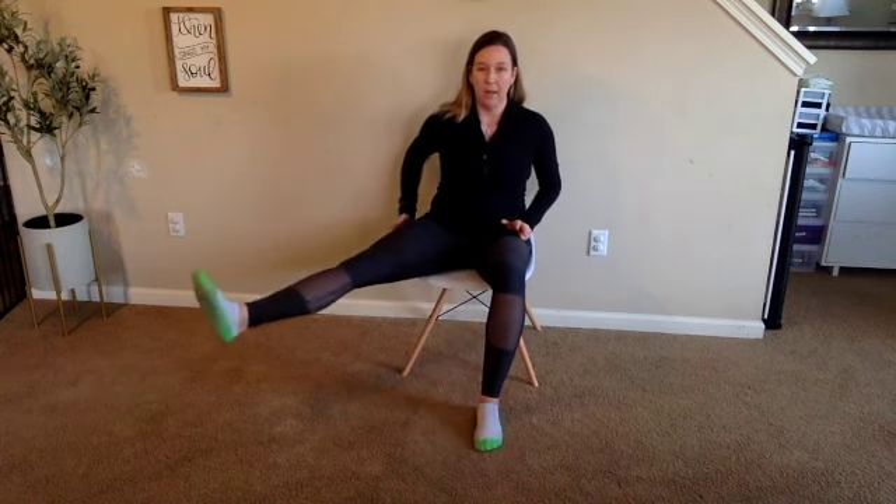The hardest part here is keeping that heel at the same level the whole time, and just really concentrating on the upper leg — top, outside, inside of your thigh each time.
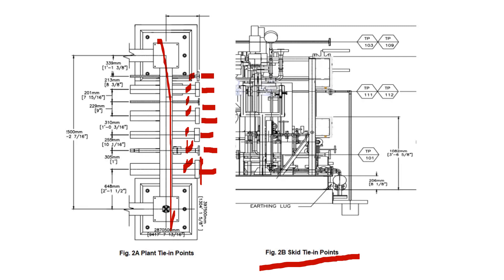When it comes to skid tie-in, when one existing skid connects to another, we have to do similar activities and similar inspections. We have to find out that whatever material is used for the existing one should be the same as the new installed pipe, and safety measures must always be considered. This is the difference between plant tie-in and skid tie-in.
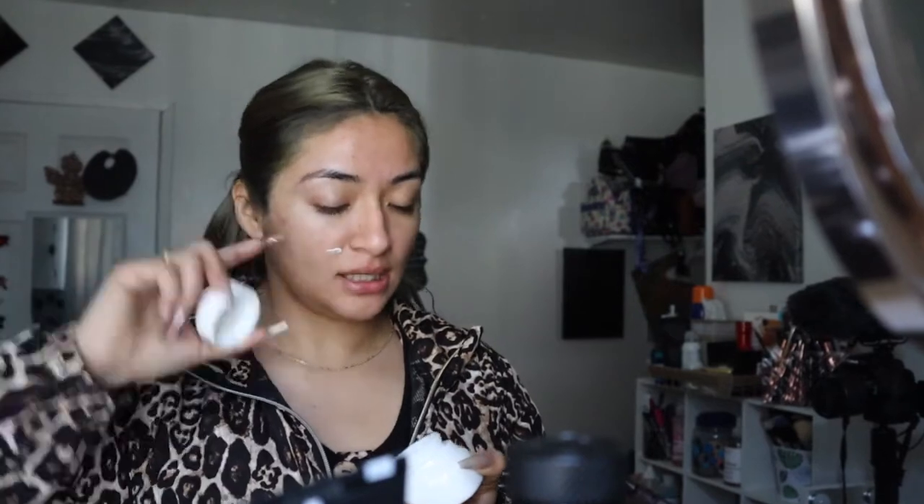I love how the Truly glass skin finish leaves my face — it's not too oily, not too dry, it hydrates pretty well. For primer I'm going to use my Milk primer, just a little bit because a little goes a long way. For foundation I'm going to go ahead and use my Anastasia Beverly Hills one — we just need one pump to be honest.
▬▬▬▬▬▬
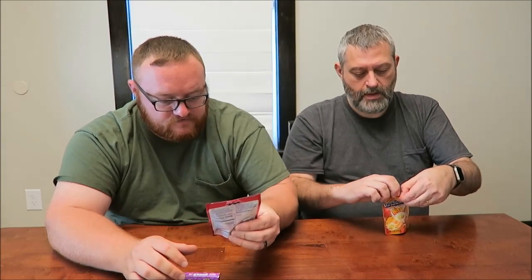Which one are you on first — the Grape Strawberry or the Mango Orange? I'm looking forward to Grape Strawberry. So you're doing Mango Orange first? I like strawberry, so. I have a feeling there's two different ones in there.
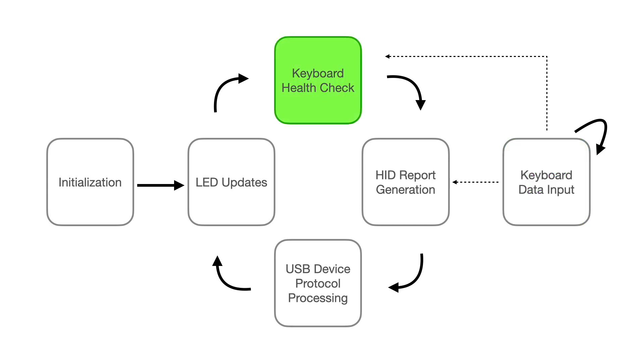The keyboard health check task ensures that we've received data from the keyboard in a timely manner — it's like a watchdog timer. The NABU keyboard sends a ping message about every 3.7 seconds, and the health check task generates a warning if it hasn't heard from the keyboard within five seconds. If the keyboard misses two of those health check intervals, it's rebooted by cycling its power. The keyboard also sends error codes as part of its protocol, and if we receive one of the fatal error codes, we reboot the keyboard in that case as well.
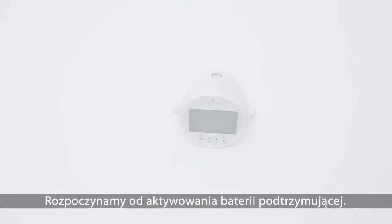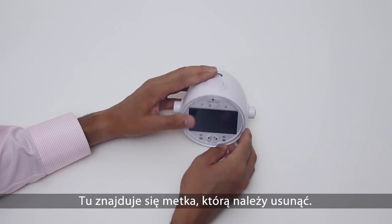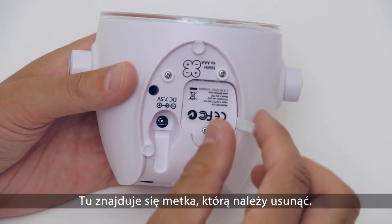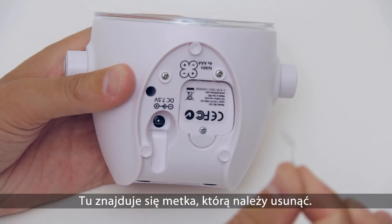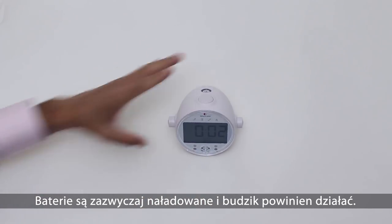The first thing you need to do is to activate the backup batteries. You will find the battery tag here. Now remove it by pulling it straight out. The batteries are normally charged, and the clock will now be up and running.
▬▬▬▬▬▬
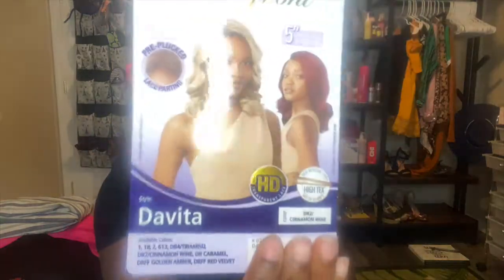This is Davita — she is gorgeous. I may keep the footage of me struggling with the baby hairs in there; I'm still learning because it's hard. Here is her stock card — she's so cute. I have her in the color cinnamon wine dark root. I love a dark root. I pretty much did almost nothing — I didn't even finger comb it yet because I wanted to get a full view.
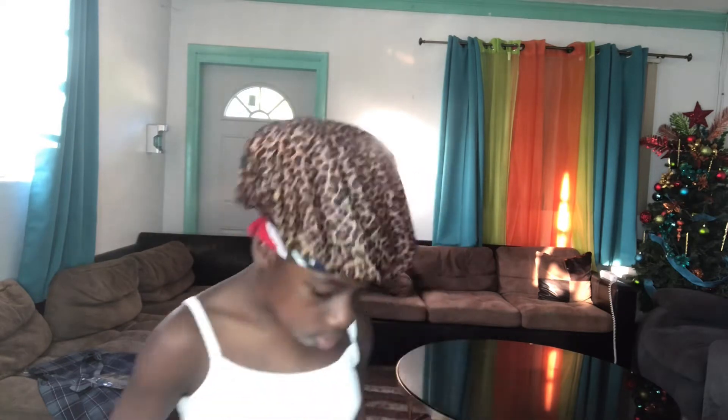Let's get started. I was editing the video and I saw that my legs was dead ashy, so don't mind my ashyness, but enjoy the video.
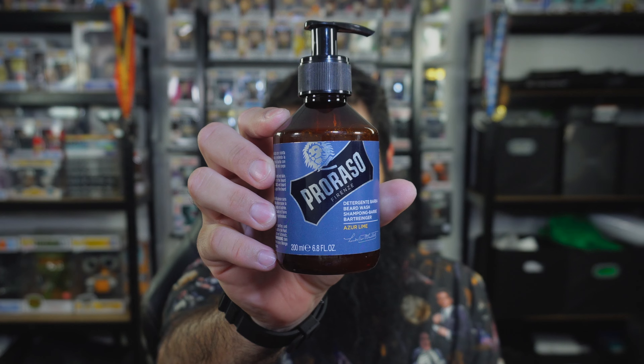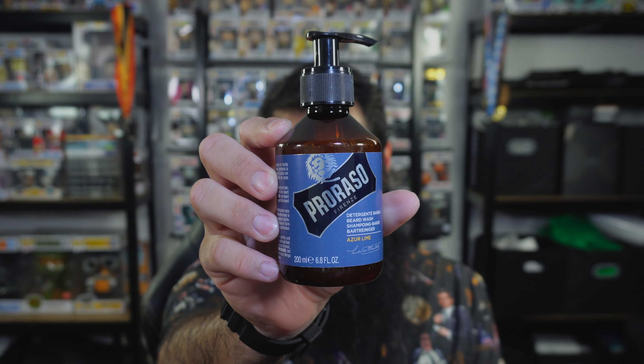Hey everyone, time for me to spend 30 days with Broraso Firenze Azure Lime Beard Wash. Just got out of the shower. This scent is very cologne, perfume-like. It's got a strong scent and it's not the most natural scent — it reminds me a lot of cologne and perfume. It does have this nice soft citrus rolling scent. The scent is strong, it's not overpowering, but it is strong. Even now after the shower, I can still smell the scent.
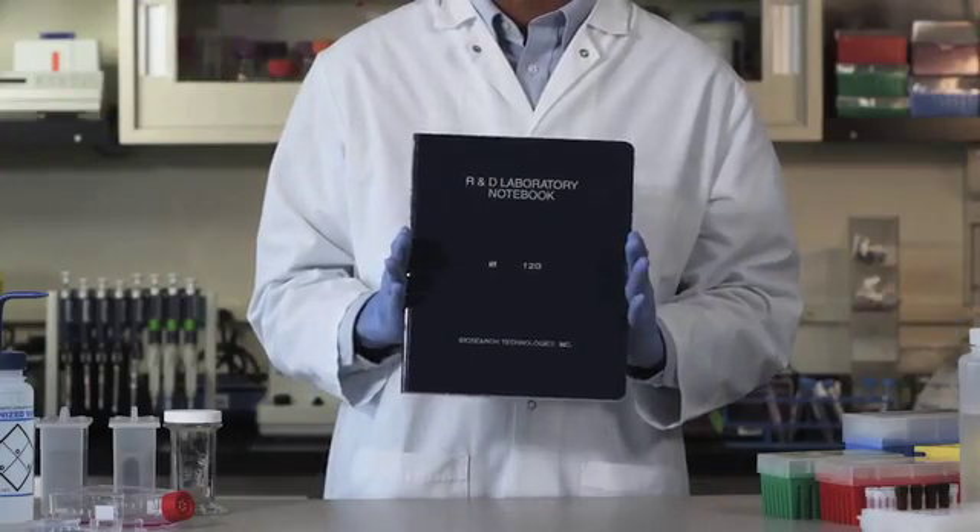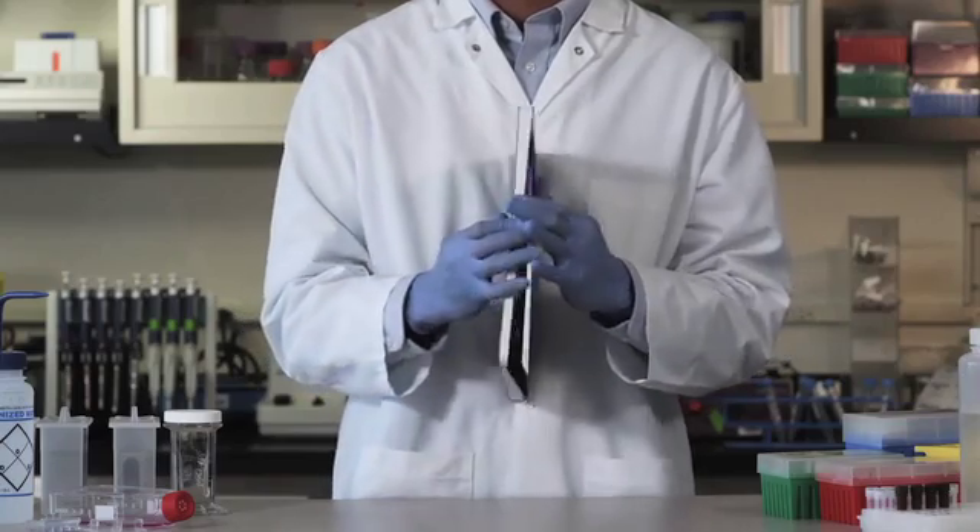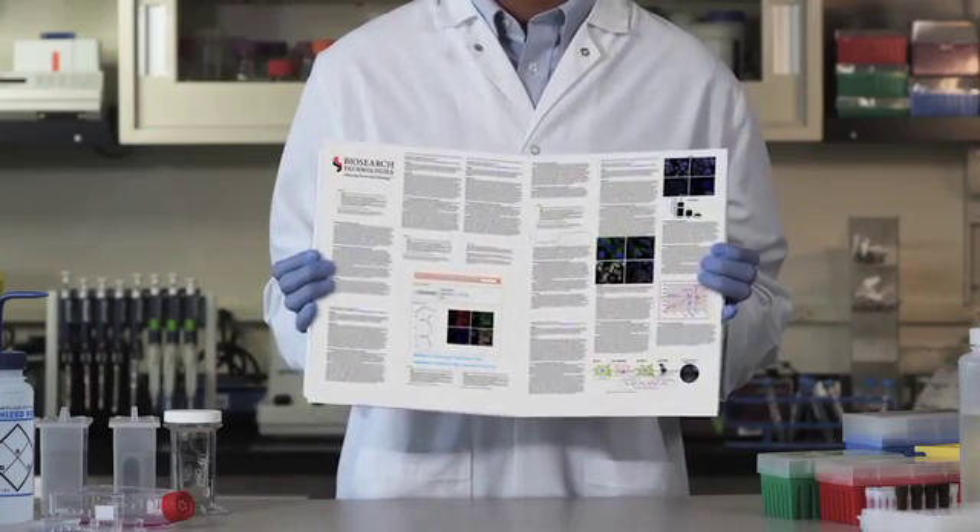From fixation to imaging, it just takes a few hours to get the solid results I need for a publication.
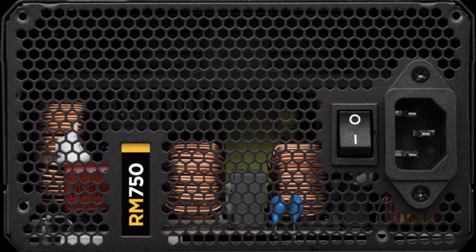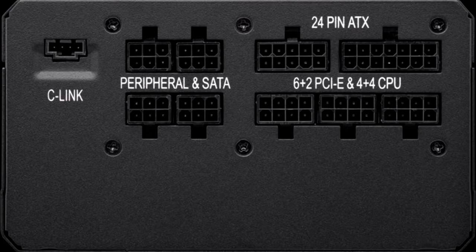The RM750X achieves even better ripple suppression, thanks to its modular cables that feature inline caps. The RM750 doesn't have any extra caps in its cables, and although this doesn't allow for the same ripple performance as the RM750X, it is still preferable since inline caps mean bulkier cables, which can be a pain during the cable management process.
▬▬▬▬▬▬
▶ [WHAT THIS TASK INVOLVES]
Where a picture appears in the records above, omit it, and transcribe exactly the stretch of lines from the one with "The hardest part" through the one with "I love how the".

▶ [OUTPUT OF THE EXERCISE]
The hardest part here is keeping that heel at the same level the whole time, and just really concentrating on the upper leg — top, outside, inside of your thigh each time.
When it comes to skid tie-in, when one existing skid connects to another, we have to do similar activities and similar inspections. We have to find out that whatever material is used for the existing one should be the same as the new installed pipe, and safety measures must always be considered. This is the difference between plant tie-in and skid tie-in.
I love how the Truly glass skin finish leaves my face — it's not too oily, not too dry, it hydrates pretty well. For primer I'm going to use my Milk primer, just a little bit because a little goes a long way. For foundation I'm going to go ahead and use my Anastasia Beverly Hills one — we just need one pump to be honest.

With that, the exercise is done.